Once a period is posted, there can be no new posting to the same period. Any
changes to depreciation terms, and/or any new acquisition postings, become
effective only in the following period. The only exception is when a new asset is
created. Depreciation is then posted for this asset in the repeat run, since no
depreciation was posted for it up to that point.
Restart: If the posting run terminates for technical reasons or because user errors are
found, you have to start the report over again in restart mode. Using the restart mode
ensures that all system activities are repeated that were not completed in the run
containing the errors. In a restart run, only those assets are processed and displayed in the
log that were not processed successfully in the prior run.

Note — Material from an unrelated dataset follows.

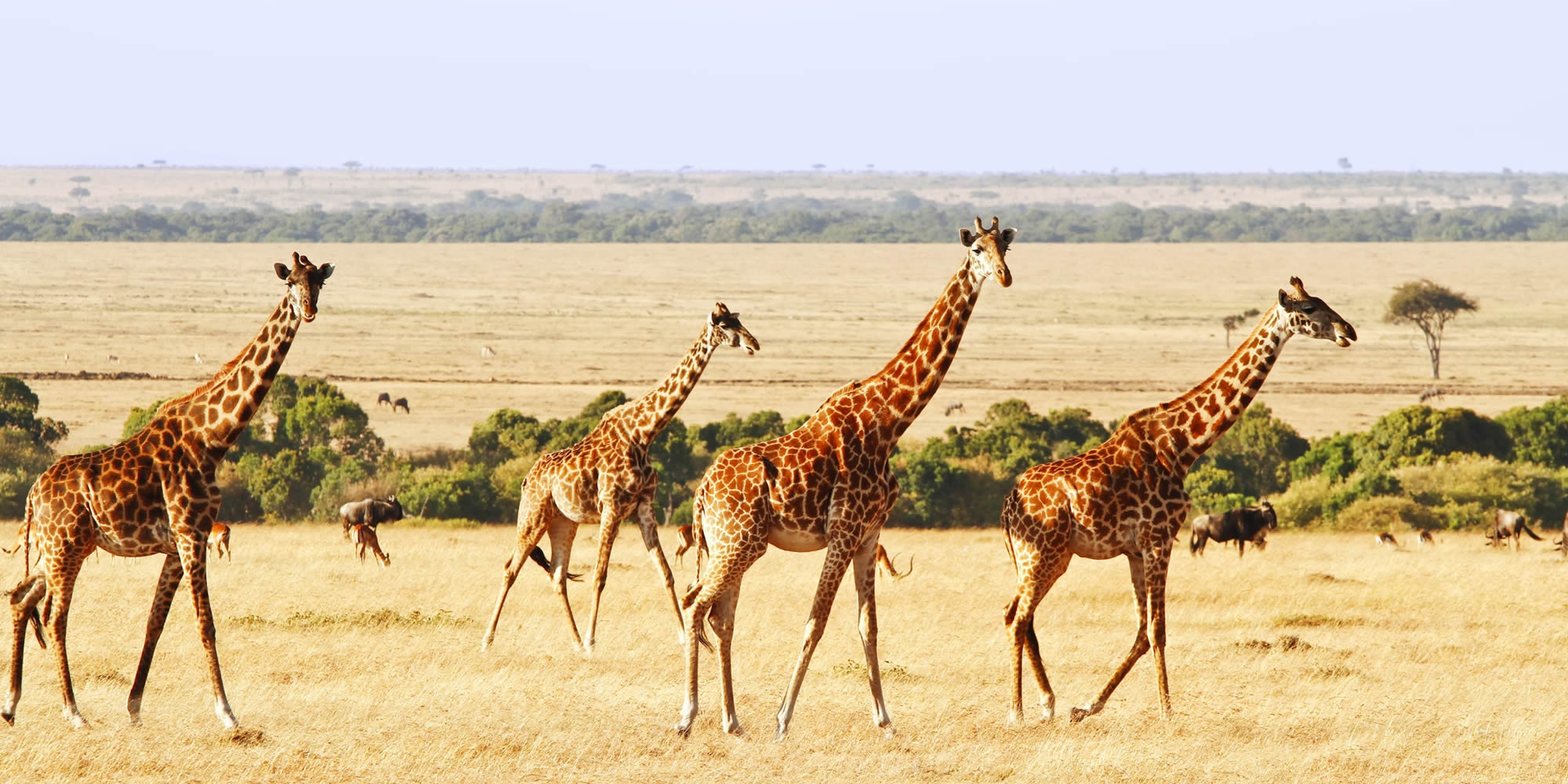 5-day wildebeest migration safari in Kenya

Unplanned posting run: If you want to skip over one or more posting periods, specify an
unplanned posting run. The system then posts for all periods that were skipped, as well as
for the period entered. The posting period that you specify, however, has to fit into the
posting cycle. If you specify period 7, for example, for a quarterly posting cycle, no posting
will occur
Test Run
You can start the posting run first as a test run. We recommend this, particularly if you are
starting the posting run for the first time, or if significant changes have been made to your data or
to your system configuration. The functions of the test run are explained below:
During a test run, the system performs all of the same checks as for an update run. The
system checks in particular the validity of all existing account assignments (for example, to
cost centers or internal orders).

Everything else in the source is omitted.